◆ Activity ◆
Write out the lines below exactly, beginning at the one with "Maquiagem natural e produtos de beleza" and stopping after the one with "Lobby, Inspira Santos Boutique Hotel, Lisbon"; the pictures are not copied.

◆ Materials provided ◆

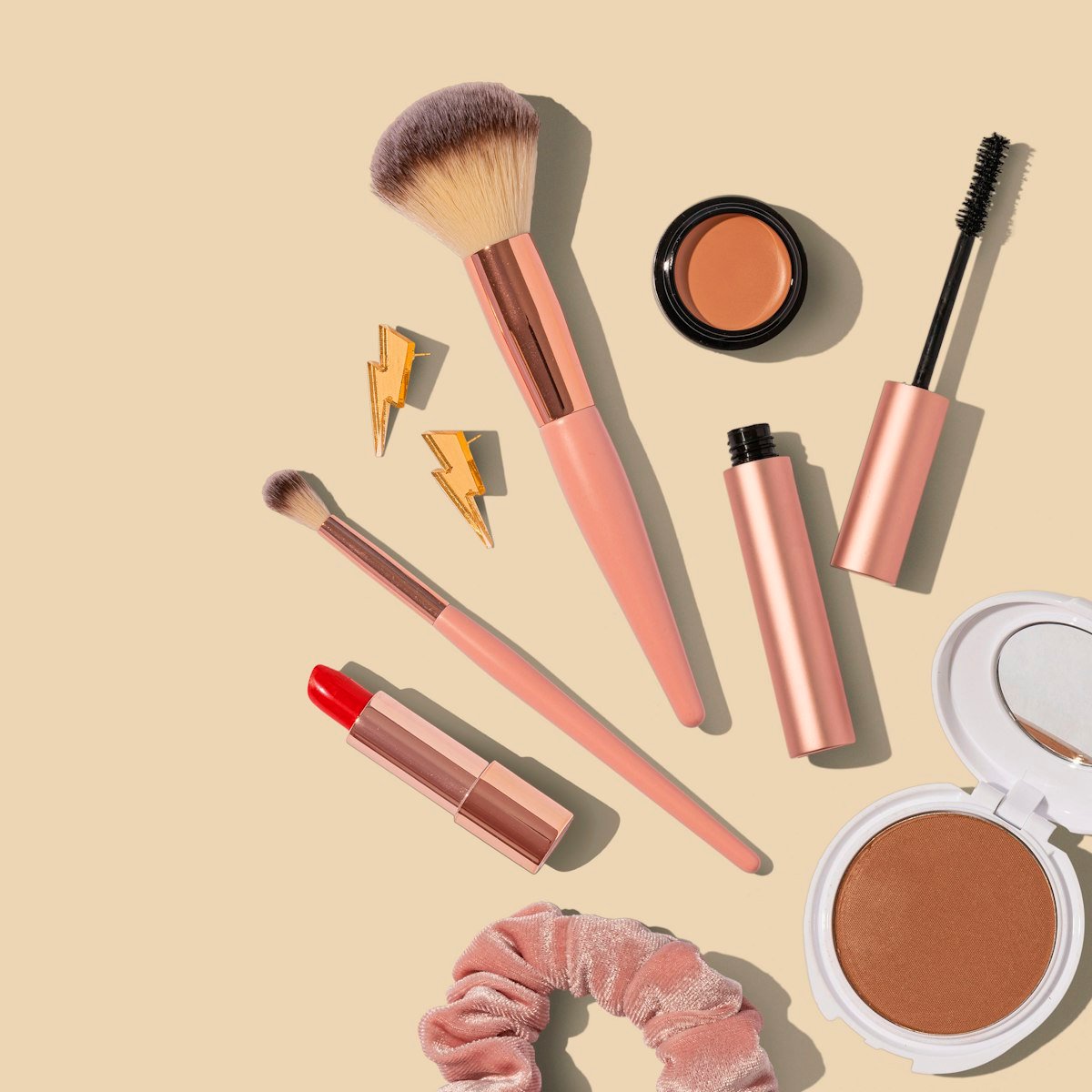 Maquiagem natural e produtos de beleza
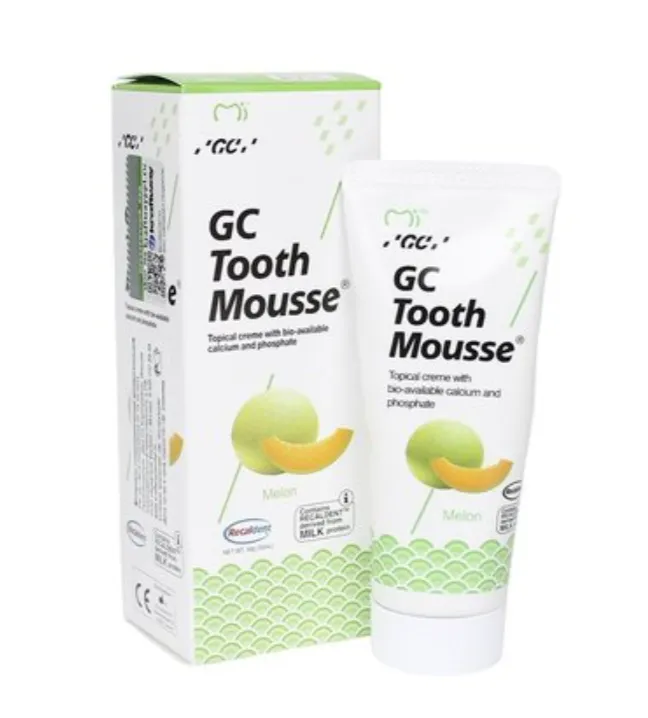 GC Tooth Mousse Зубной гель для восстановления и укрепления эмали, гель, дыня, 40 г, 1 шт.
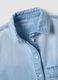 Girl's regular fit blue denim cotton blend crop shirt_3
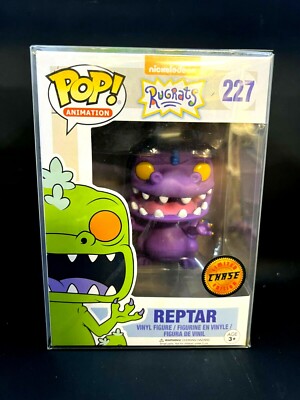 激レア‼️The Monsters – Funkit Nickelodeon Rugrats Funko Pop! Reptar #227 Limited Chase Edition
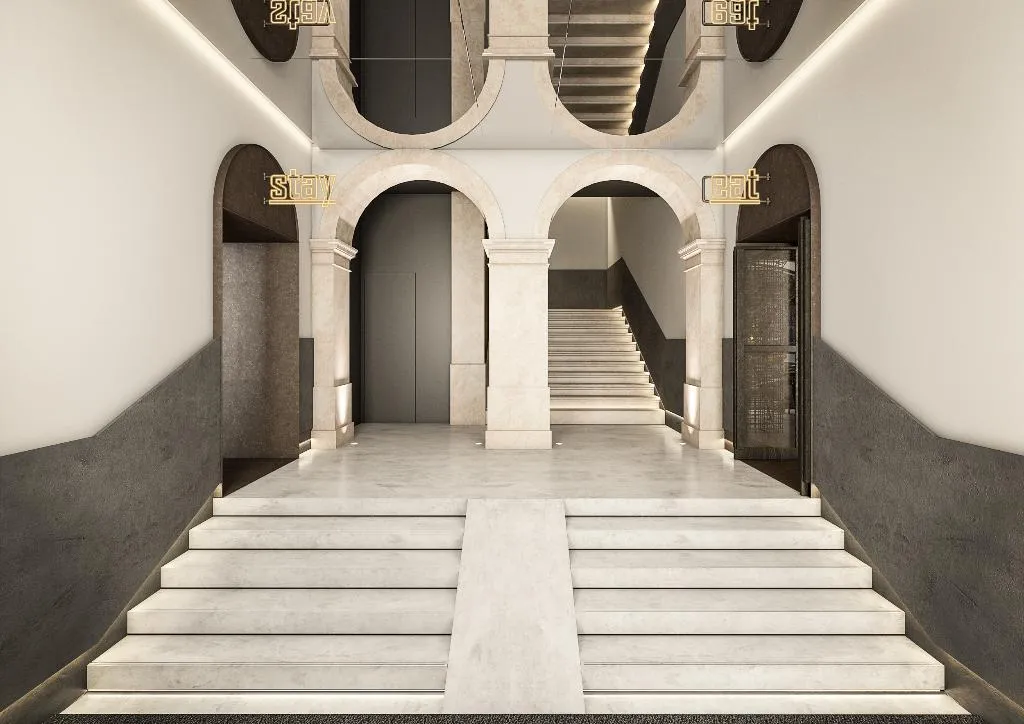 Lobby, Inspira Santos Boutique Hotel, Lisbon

...

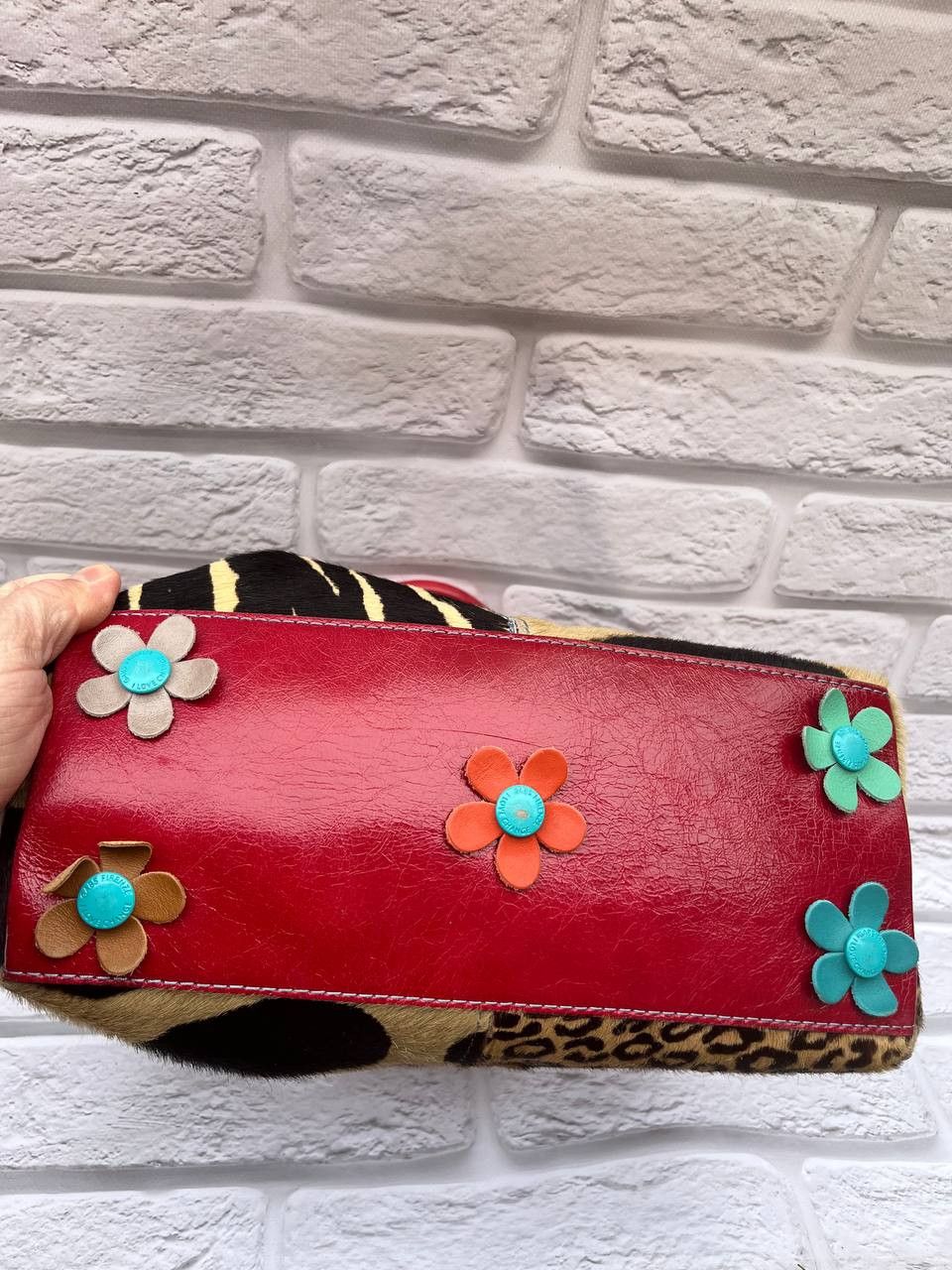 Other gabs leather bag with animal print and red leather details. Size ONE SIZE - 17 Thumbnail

◆ Problem solution ◆
 Maquiagem natural e produtos de beleza
 GC Tooth Mousse Зубной гель для восстановления и укрепления эмали, гель, дыня, 40 г, 1 шт.
 Girl's regular fit blue denim cotton blend crop shirt_3
 激レア‼️The Monsters – Funkit Nickelodeon Rugrats Funko Pop! Reptar #227 Limited Chase Edition
 Lobby, Inspira Santos Boutique Hotel, Lisbon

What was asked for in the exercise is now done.